Column Number. Column name. Comments.

1. Species.  Species used in analyses. Sources listed in text Table 2.

2. RSG+FSG, FSOL groups.  Groups used as the ‘by’ variable in some analyses.

3. RSG, FSG, FSOL groups.  Groups used as the ‘by’ variable in some analyses.

4. Data set.  YSCAM: observations made by the author on the relative surface areas of the YS and the CAM from oviposition to hatchling; VO2: observations from the literature on the relative metabolic rates of embryos from oviposition to hatching.

5. %YS.  Surface area of the YS expressed as a percentage of the surface area of the egg.

6. %CAM.  Surface area of the CAM expressed as a percentage of the surface area of the egg.

7. Supplemental Observations. See last paragraph of Section 2.1.

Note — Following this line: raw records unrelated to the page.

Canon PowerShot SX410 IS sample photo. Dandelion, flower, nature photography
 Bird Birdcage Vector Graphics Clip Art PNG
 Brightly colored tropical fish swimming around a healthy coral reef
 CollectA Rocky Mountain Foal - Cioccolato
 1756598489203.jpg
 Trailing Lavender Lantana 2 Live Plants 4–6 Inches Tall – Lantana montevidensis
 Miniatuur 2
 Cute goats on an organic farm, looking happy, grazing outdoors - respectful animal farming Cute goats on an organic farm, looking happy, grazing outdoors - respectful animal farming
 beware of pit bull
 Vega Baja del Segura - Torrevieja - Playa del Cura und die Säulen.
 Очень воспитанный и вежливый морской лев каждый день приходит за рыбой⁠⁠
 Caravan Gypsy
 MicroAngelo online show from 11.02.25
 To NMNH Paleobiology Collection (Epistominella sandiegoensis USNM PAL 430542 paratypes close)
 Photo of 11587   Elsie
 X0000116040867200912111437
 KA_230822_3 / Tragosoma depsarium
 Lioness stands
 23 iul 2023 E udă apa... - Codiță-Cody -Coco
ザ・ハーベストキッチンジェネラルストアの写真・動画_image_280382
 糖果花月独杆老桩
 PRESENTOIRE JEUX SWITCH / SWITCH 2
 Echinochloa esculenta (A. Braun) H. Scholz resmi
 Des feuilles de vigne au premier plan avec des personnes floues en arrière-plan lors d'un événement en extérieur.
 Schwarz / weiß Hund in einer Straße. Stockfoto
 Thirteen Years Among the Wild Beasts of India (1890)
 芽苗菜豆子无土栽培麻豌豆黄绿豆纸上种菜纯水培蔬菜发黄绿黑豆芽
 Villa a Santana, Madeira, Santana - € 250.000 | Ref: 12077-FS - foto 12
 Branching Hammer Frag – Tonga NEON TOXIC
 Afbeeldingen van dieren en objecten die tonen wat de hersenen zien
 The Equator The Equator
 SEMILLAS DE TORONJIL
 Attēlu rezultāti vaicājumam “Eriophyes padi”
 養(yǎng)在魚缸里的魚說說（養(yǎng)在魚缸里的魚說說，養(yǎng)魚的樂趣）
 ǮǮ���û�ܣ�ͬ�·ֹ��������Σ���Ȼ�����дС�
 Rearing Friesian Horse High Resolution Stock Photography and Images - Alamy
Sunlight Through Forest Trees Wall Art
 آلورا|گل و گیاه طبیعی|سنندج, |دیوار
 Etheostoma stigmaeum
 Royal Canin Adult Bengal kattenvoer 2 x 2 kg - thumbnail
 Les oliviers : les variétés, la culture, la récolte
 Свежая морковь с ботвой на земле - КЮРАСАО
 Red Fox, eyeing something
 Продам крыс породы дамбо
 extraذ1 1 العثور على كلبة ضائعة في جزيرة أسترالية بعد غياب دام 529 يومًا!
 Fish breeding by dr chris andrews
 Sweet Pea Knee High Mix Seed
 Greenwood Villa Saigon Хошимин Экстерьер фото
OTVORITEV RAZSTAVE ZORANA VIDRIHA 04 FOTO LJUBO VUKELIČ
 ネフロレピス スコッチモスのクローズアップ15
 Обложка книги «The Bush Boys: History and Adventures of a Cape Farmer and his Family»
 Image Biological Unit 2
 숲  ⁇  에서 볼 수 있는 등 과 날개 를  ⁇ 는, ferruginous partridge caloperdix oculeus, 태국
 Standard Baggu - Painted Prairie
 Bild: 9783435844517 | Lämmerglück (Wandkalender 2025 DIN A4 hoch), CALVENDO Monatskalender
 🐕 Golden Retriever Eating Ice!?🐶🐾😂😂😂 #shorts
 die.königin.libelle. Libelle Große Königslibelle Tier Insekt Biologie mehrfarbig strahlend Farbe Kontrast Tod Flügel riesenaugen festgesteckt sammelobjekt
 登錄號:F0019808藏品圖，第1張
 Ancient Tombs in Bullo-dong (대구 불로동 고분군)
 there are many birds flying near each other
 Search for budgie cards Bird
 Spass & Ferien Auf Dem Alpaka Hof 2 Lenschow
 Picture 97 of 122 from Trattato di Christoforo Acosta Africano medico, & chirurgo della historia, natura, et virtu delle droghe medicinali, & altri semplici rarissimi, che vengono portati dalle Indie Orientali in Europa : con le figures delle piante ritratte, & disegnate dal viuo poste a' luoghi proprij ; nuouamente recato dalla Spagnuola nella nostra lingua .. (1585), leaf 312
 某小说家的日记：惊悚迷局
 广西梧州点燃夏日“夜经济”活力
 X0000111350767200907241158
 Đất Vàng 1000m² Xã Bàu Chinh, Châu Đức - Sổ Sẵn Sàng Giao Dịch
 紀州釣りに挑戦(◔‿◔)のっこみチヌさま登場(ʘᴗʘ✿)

8. Stage. Embryo developmental stage at each observation in the YSCAM data set based on Dufaure and Hubert (1961).

9. Age. Embryo age at each observation in the YSCAM and the VO2 data sets. The day of oviposition is Age 0.

10. Days added to age. Days added represent the time elapsed between stage 25 and the observed stage at oviposition to correct for variable stages at oviposition. Values are based on a mean in utero temperature of 28C.  See Section 2.2 for details.

11. Corrected age. The sum of Age and Days added to age.

12. Relative age. Corrected age divided by Corrected incubation length.

13. Incubation length. Observed incubation length at the constant incubation temperature in Column 18.

14. Corrected incubation length. The sum of Incubation length and Days added to age (Columns 13 and 10).

15. VO2 mL/h. Metabolic rate at each observation.

16. VO2Max. Largest value of metabolic rate.

17. %VO2.  VO2 divided by VO2Max expressed as a percent. Se also Column 24.

18. Incubation temperature.  The constant temperature in degrees C during incubation.

19. Stage at oviposition. Mean embryo stage on the day of oviposition based on the Dufaure and Hubert (1961) scheme.

20. Hatchling mass g. Mean live mass on the day that eggs hatched.

21. Egg mass g. Mean egg mass at oviposition

22. Predicted stage. See Section 2.2 for calculations. Predictions were applied only to the VO2 data set where only stage was known.

23. Stage – Predicted stage. Observed stage minus Predicted stage for the YSCAM data set. This metric is an index of the accuracy of the prediction of stage.

24. Pruned temperature. Data pruned to one observation per species and displayed for age = 0.